**** Exercise data
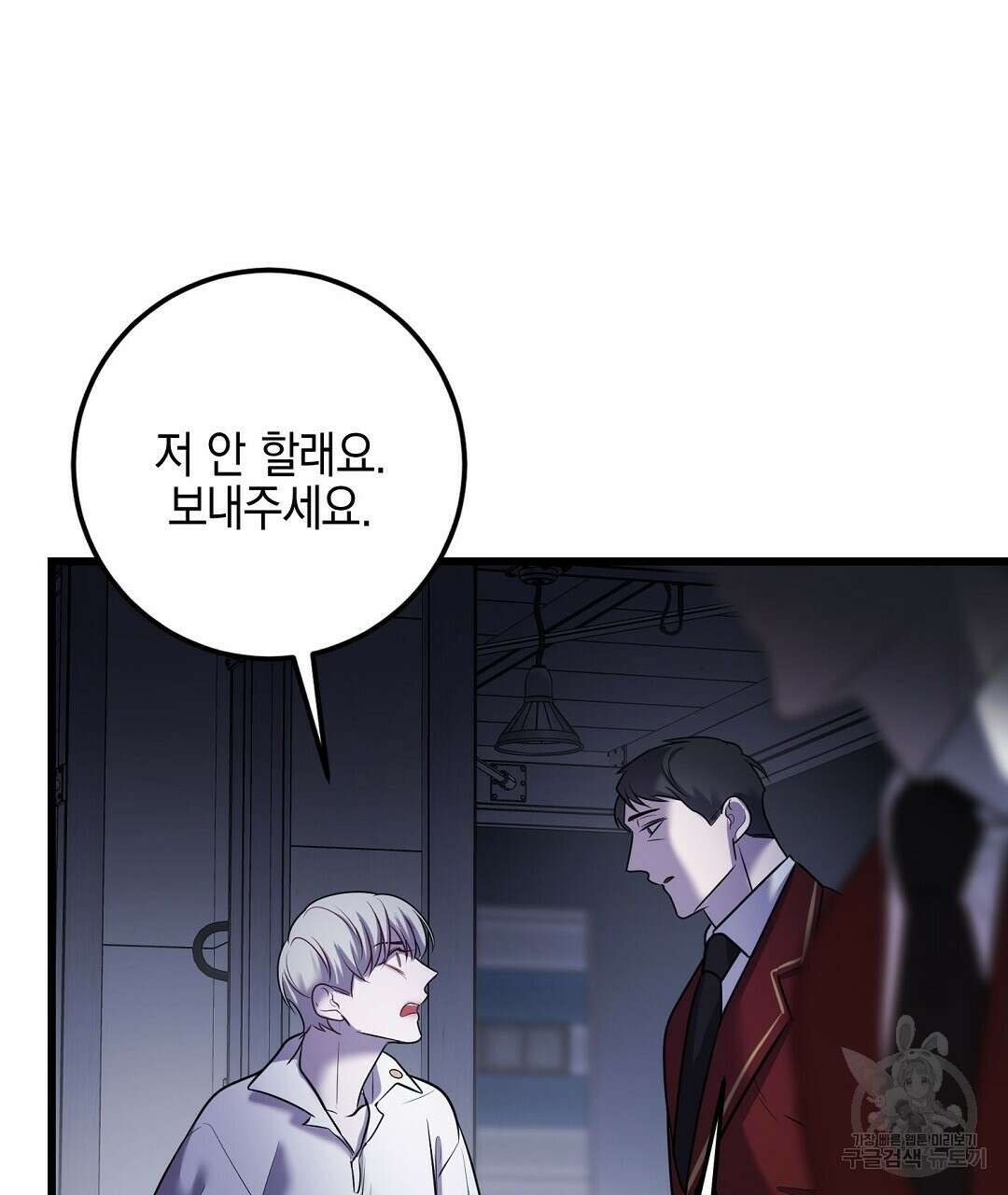 프로푼디스 49화 49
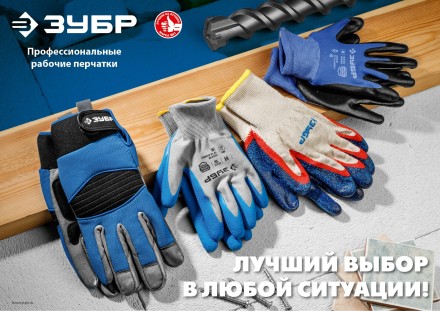 ЗУБР МЕХАНИК+, XL (10), перчатки с полным нитриловым обливом, маслобензостойкие, 15 класс, Профессионал (11279-XL) купить в Когалыме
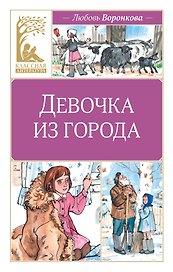 Девочка из города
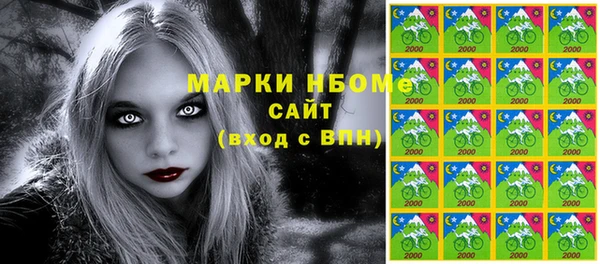 гашишное масло Абдулино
********
Task prompt: Leaving images out, please output every line of the data exactly.

Problem solution:
 프로푼디스 49화 49
 ЗУБР МЕХАНИК+, XL (10), перчатки с полным нитриловым обливом, маслобензостойкие, 15 класс, Профессионал (11279-XL) купить в Когалыме
 Девочка из города
 гашишное масло Абдулино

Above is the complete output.